Beginning students of Ancient Greek soon learn that the agent of a passive verb is marked with the preposition ὑπό followed by the genitive. Then, of course, the exceptions come to light. The most common of these is the dative of agent, which, for the beginner at least, may be explained away as occurring with perfect passives and -τέος verbals. Later, however, one comes across other irregularities, notably the use of prepositions other than ὑπό+G. The conditions that motivate these apparently anomalous agent markers have not yet been satisfactorily explained. The aim of this book is to do so.
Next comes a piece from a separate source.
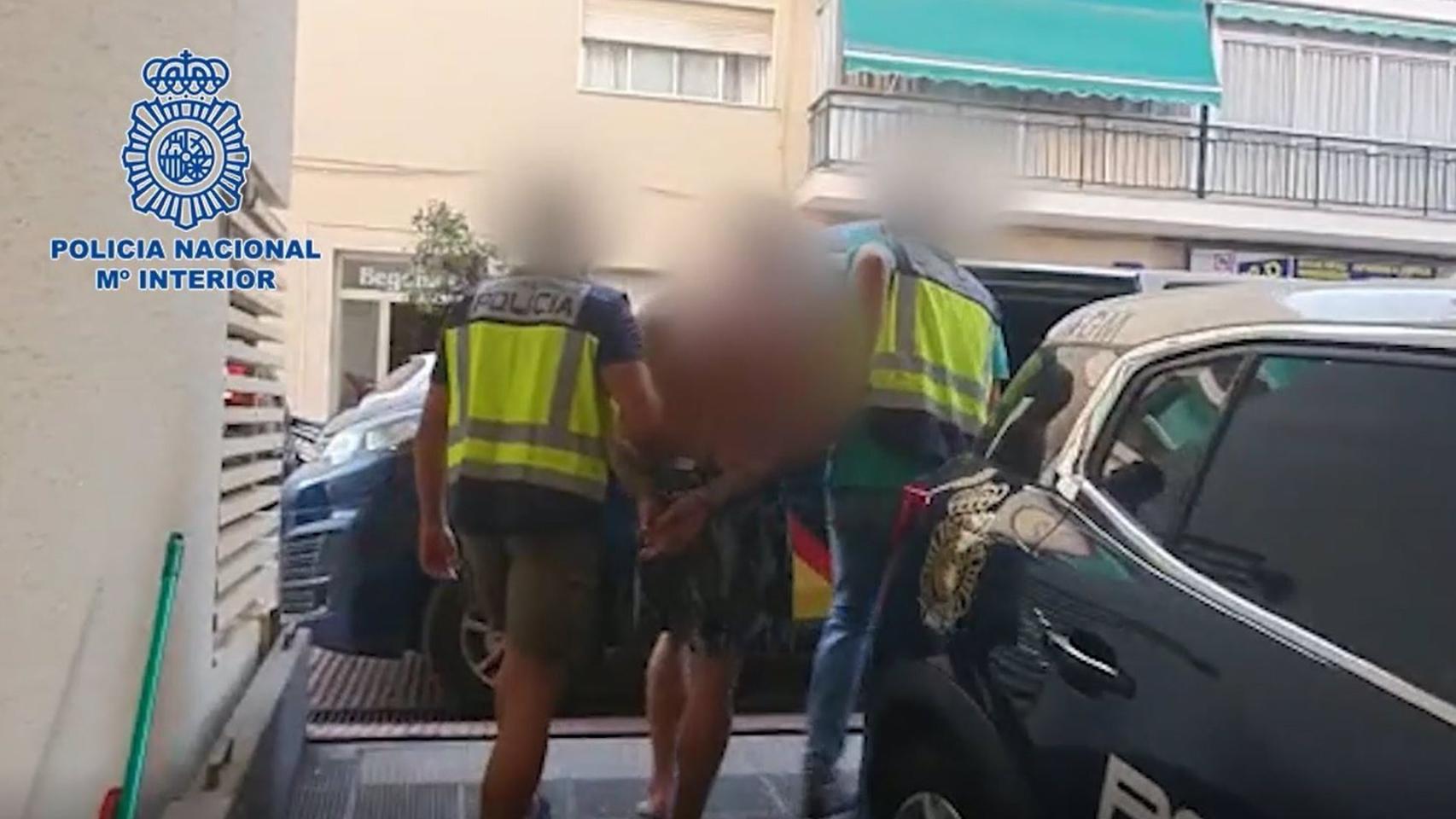 Momento de la detención.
I begin with an introductory chapter that lays a theoretical foundation for the work and discusses the reasons why these passive-with-agent constructions (PACs) occur in the first place. In Chapter 2, I move on to Homer, as the Iliad and Odyssey represent the earliest texts that are syntactically complex enough to have PACs. Because the Homeric data are so different from the later evidence – in particular, these constructions are far less common in Homer – they are best dealt with separately. Next, in Chapter 3, I look at the dative of agent.
While ὑπό is by far the most common agent marker in classical Greek prose, other prepositions do occur in its place. In this chapter, I will explore the linguistic motivation for these non-standard agent markers. Generally speaking, there are two factors that affect the selection of agent markers. The more important is the semantic field to which the verb belongs: verbs of sending and giving often use an ablatival preposition like ἐκ or παρά+G; verbs of thinking often use a locatival preposition like πρός or παρά+D. The second, lesser factor concerns the syntax of the verb: participles sometimes take different agent markers than would finite verbs. The body of this chapter will examine the works of six major prose authors in turn (Herodotus, Thucydides, Xenophon, Lysias, Plato, and Demosthenes) to demonstrate how these two factors affect the expression of the agent.
Survey of earlier literature
Scholarship on this question has been surprisingly scarce. Aside from the section in Kühner–Gerth (1898) on the uses of prepositions generally, the chief existing studies are Schwyzer’s lengthy article on agent constructions (1943) and a brief article on agenthood by Luraghi (2000). Both Kühner–Gerth and Schwyzer suffer from a failure to address the conditions under which non-standard agent markers are used. They merely offer lists of examples, and vague statements as to their distribution in the various authors.